According to the article this is supposed to save Medicaid $735 million over the next ten years. That's about a quarter per US resident per year.

Will it even save that? At an administrative cost of $1.50 per recipient per year the policy will cost about $750 million over that period.

Maybe it won't cost $1.50, but even without the legal proceedings there are going to be extra employees, time spent on administrative procedures and mixups, etc., so the net savings will be even less than that quarter.

All so a few sick illegal immigrants can't get care.

Lovely.

It could save a lot if almost nobody can actually collect Medicaid benefits.

LJ: People with dementia don't vote (at least dementia stemming from Alzheimer's) Why should the current Republican leadership worry about groups that either don't vote or aren't reliably Republican? ;^)
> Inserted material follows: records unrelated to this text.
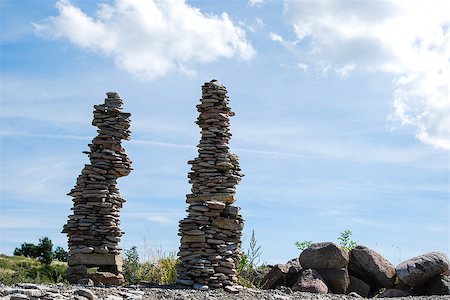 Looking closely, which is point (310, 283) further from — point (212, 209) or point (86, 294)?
point (86, 294)

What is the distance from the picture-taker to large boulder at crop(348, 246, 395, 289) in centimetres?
1683

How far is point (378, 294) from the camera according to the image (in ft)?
55.5

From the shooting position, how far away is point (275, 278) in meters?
16.2

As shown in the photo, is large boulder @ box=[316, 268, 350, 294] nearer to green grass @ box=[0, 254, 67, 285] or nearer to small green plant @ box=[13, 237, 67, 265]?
green grass @ box=[0, 254, 67, 285]

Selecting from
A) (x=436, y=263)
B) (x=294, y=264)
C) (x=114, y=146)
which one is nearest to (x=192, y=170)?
(x=114, y=146)

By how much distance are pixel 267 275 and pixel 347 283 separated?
199 cm

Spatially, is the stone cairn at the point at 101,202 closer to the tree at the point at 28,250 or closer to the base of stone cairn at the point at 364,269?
the base of stone cairn at the point at 364,269

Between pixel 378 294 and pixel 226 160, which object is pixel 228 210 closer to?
pixel 226 160

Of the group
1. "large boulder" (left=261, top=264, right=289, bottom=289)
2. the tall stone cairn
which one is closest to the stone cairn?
the tall stone cairn

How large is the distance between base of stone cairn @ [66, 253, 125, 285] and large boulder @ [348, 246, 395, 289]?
20.0 feet

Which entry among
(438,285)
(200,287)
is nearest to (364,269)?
(438,285)

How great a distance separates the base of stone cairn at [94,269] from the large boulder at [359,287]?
5.83 meters

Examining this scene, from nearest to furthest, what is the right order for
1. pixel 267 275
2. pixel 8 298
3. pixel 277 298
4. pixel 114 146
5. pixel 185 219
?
pixel 8 298 → pixel 277 298 → pixel 185 219 → pixel 114 146 → pixel 267 275

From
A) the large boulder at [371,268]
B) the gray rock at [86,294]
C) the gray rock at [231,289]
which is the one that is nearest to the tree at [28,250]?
the large boulder at [371,268] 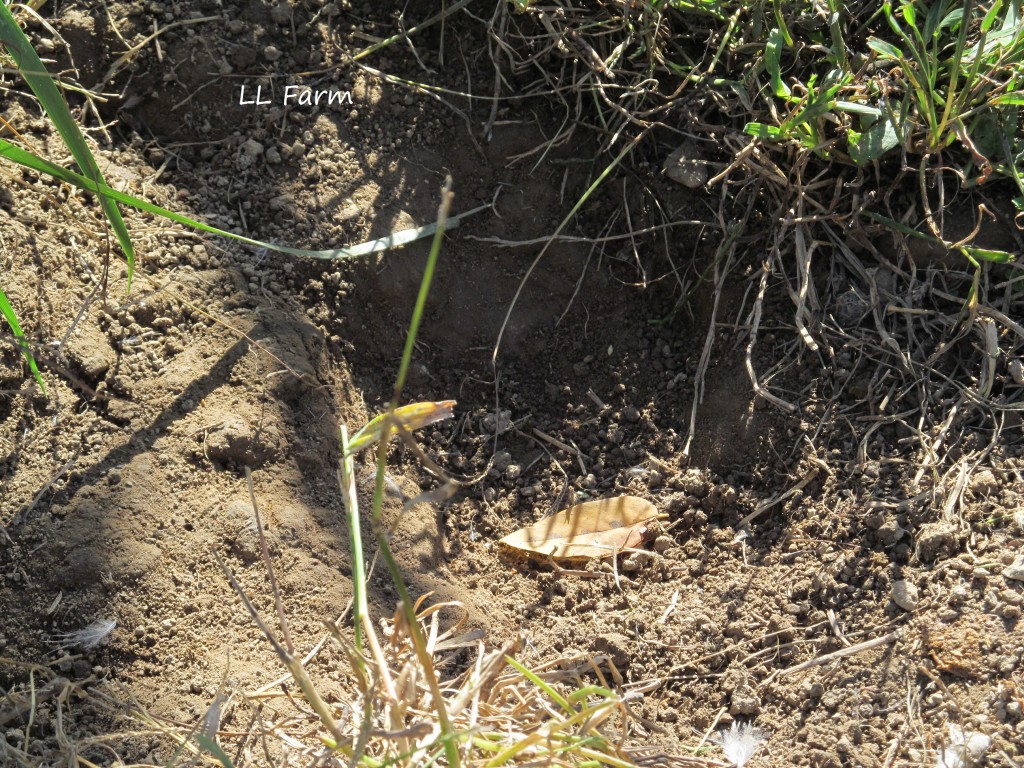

And on what do you base your conclusion that people with dementia aren't reliably Republican?

I was trying to snarkily suggest that the dementia brought on by Alzheimer's shouldn't be confused with the symptom of being a reliable Republican and this was the closest I could get.

It could save a lot if almost nobody can actually collect Medicaid benefits.

Sad to say, it wouldn't surprise me if some of the people supporting this felt just that way.

Remember that, as Malcolm Gladwell documented well for New Yorker, the Bush administration buys into the moral-hazard criticism of US health care, which says that most people are getting too much health care.

This is probably a step towards a UK-style National Database. The next step will be offering to build a giant biometric database so that people who can't get medical care because they can't "prove who they are" can get it.

OT: but this is a must-read.

This seems like a dumb implementation of a reasonable idea.

Since the problem of illegal use of the system is relatively minor, it would be far more sensible to start requiring identification/proof of citizenship for NEW enrollees. This would give people coming up on the enrollment age plenty of time to get their documentation in order in a leisurely fashion, without inconveniencing the existing population at all.